> Source material:
------------------------
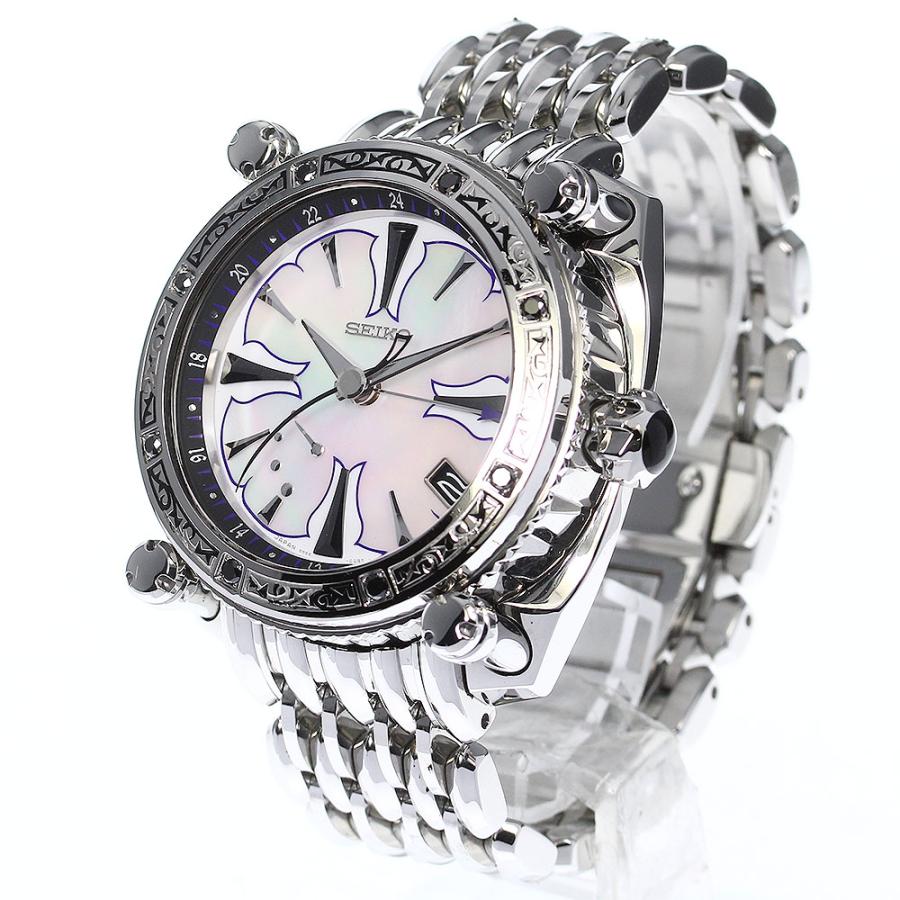 SEIKO（セイコー） ☆箱付き【SEIKO】セイコー ガランテ プレミアム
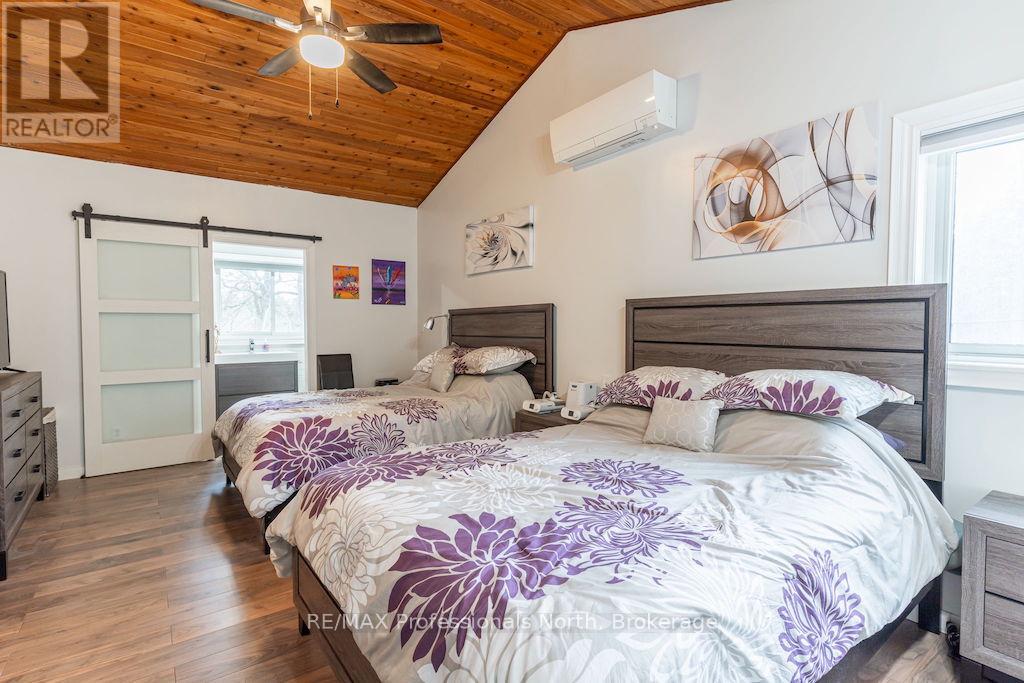 1012 Parasol Drive, Algonquin Highlands, Ontario  K0M 1J2 - Photo 21 - X11964908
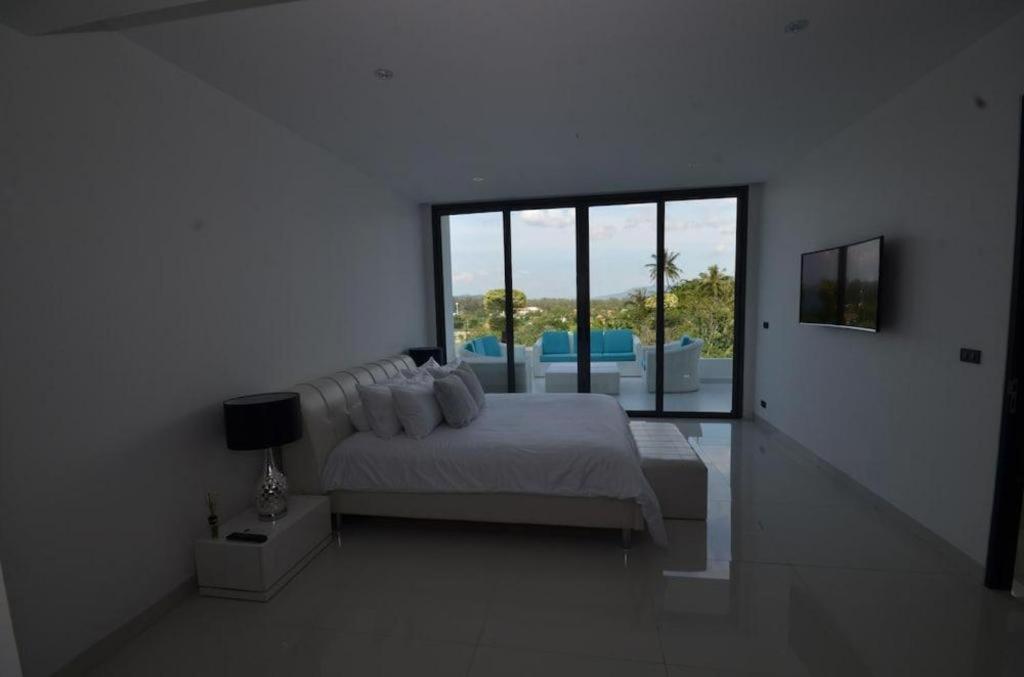חוף סורין Sansuri Resort מראה חיצוני תמונה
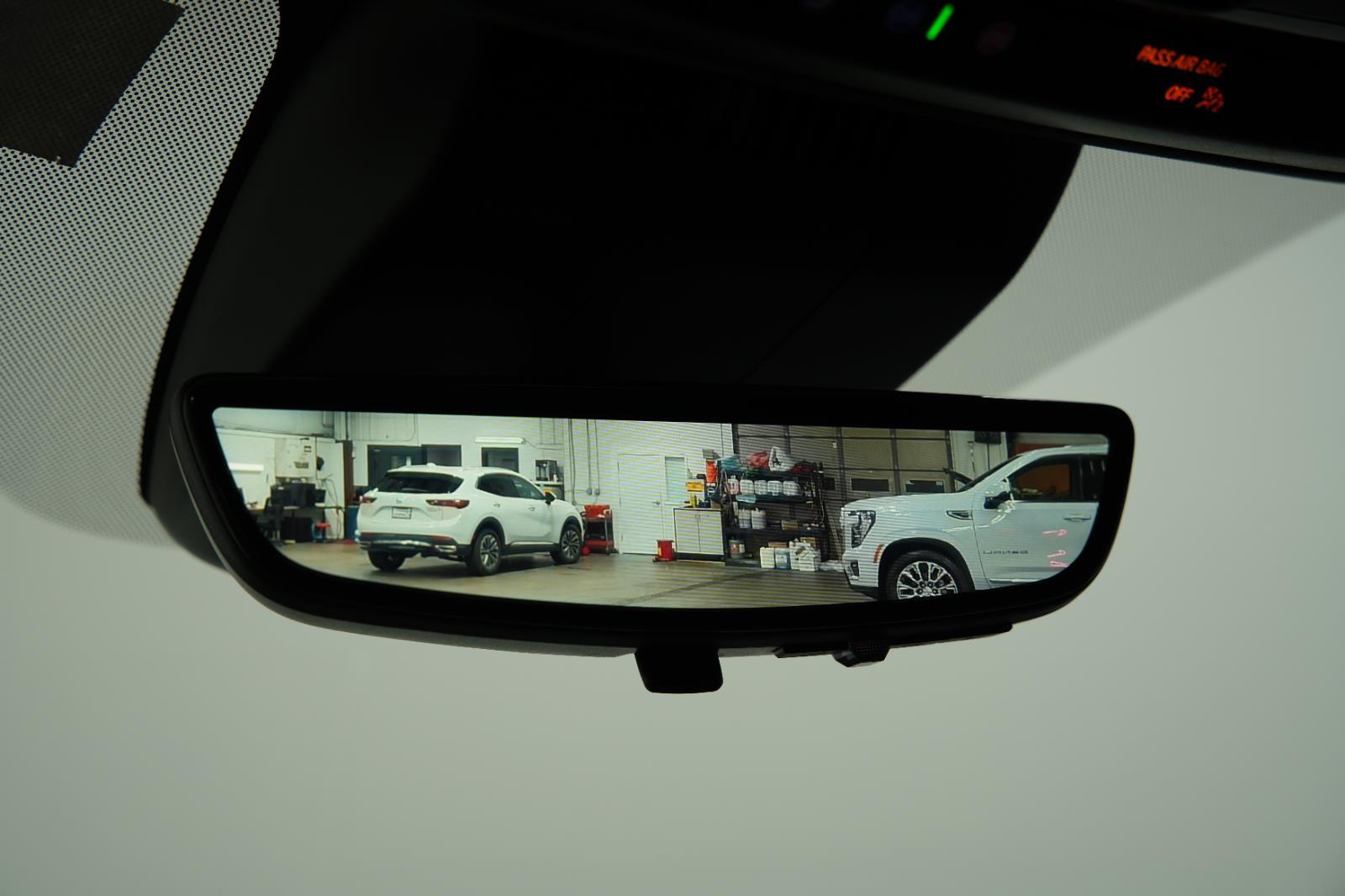 2026 GMC Yukon XL AT4 - Photo 42
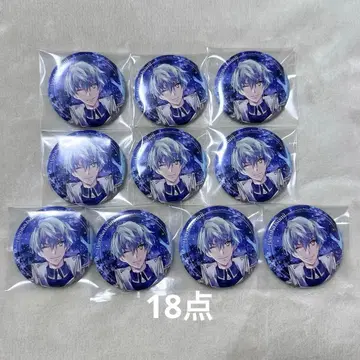 아이나나 무비나나 유우 캔뱃지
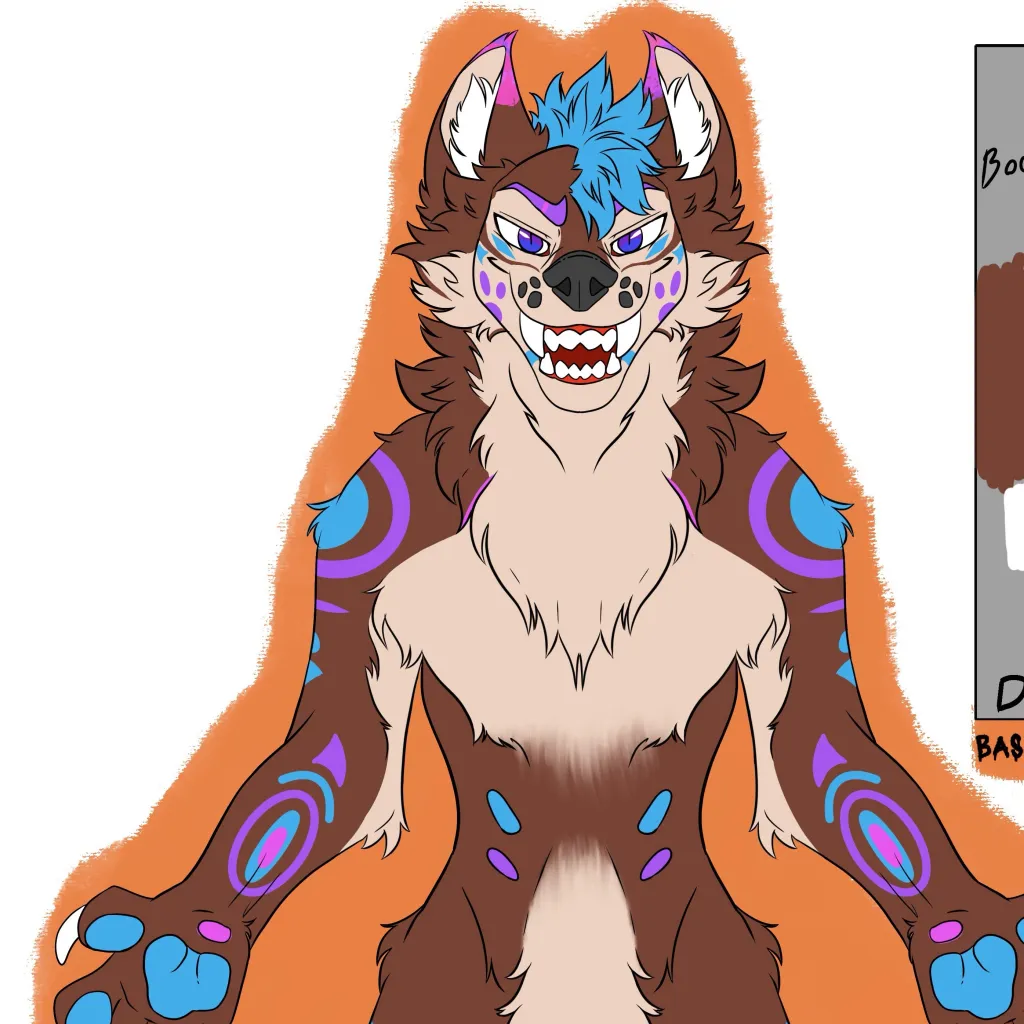 chat with ai character: Miles the Dog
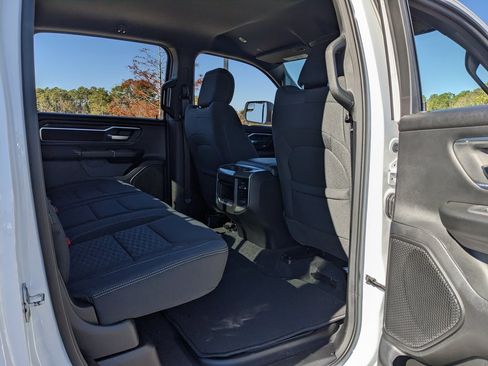 New 2026 RAM 1500 Big Horn image 45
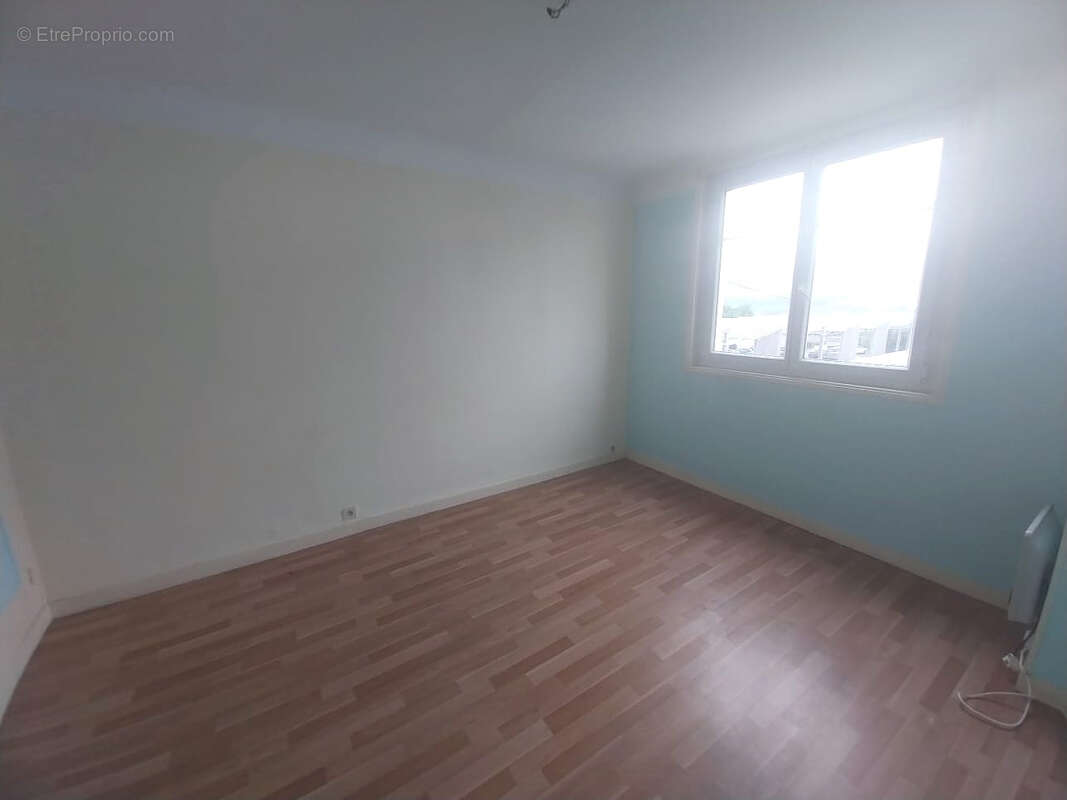 Appartement à HENDAYE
------------------------
> Exercise requirements: Leave the pictures out and restate exactly the lines from the one that has "1012 Parasol Drive, Algonquin" through the final line of the entries above, both ends included.

> Solution to the exercise:
 1012 Parasol Drive, Algonquin Highlands, Ontario  K0M 1J2 - Photo 21 - X11964908
חוף סורין Sansuri Resort מראה חיצוני תמונה
 2026 GMC Yukon XL AT4 - Photo 42
 아이나나 무비나나 유우 캔뱃지
 chat with ai character: Miles the Dog
 New 2026 RAM 1500 Big Horn image 45
 Appartement à HENDAYE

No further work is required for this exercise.